Like Campbell, many of these writers have a penchant for fairy-tale creatures, mythological beings and folklore-ish elements (see ‘Three Tales of the Devil’s Wife’ by Carmen Lau), but these figures and themes often feel underdeveloped and their implementation rather derivative. The genre hasn’t always been inverted, transcended or made new. Instead, it often seems to be a limitation in itself, and a number of these authors fall back on irregular archaisms or haphazardly inflated language: ‘“I can sell anything,” he said, the words a statement of fact, not remotely braggadocio or hubris.’ (Alma Alexander, ‘The Butterfly Collection of Miss Letitia Willoughby Forbes’). That said, the terse dystopia laid out in ‘The Bachorum Principal’ by Brenda Stokes Barron is economic and compelling:

‘Tenant #1: Numerica shall be a land of remembering and forgetting. […] I catalogue their sour kisses in my mind like our ancestors recorded dates of birth in moleskin journals and hand-me-down Bibles.’

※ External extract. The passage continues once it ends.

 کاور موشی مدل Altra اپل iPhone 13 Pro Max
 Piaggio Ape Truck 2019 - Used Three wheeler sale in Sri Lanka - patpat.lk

Georgina Bruce’s short story, ‘Mr. White Umbrella’, also stands out—it’s direct, sharp and well edited, with an understated self-awareness that some of the other pieces can lack (though on a minor note, I’m not keen on the ‘Some time… One time… Another time… Lots of times…’ tags which begin each new section of the story):

‘The problem with Kiko is she thinks she’s some kind of a hero, with her big spiky black pigtails, enormous desert boots and stripey Alice tights.’

In this issue of Fantastique Unfettered, it’s the interviews and discussions that are conducted with particular flair. Alexandra Seidel speaks to three writers (Hal Duncan, Brent Weeks and Mike Allen) in depth, displaying a very real and comprehensive knowledge of their works and always asking focused and pertinent questions. The editors made an excellent decision in retaining the length of the responses instead of condensing them down into clichéd sound-bites: the authors give personable, entertaining and perceptive replies, and this section of the magazine is certainly worth a close read. Duncan’s standpoints may not be to everyone’s liking, but he is undeniably incisive and wonderfully eloquent:

‘[A] poet is anyone who writes poems, and a poem is any linguistic construct presented as a poem, exploiting potential import effects besides those covered under the rubric of semantics. That should allow for even the most experimental and conceptual approaches; and if it doesn’t I’m more than happy to broaden it.’

In Duncan’s own short story, ‘Sons of the Law’, the opening narrator pieces together a fragmented saloon tale out of scraps he finds in his grandfather’s old manuscripts and journalistic notes: ‘The Wild West was born where fact ends and fantasy begins’. Different voices then take up the telling: the showgirl, the slave, the drifter, the killer, and so on. For Duncan, ‘The Wild West is the pre-eminent mythscape of the modern era […] Every wandering gunslinger is an angel in Sodom’, and his wry treatment of the genre and the way he dissects the construction of a legend is offbeat and a lot of gritty fun.

Ultimately, Fantastique Unfettered is a friendly and encouraging platform for authors who flirt with (or fully embrace) genre writing. Some of the contributors rely much more on the conventions of these genres than others, but the magazine will hopefully develop and improve the longer it stays in production. What’s more, it’s uniquely informative: the interviews are insightful, and one could come away with an extensive reading list after flicking through this publication. William Browning Spencer, Hope Mirrlees, Thomas Ligotti, Søren Kierkegaard and G.K.Chesterton, among others, are all alluded to at various points; Fantastique Unfettered knows its audience well and tailors its recommendations accordingly. If the overall quality of the creative content were to be brought up to scratch, this publication could easily become a valuable resource for both writers and fans of the fantastical.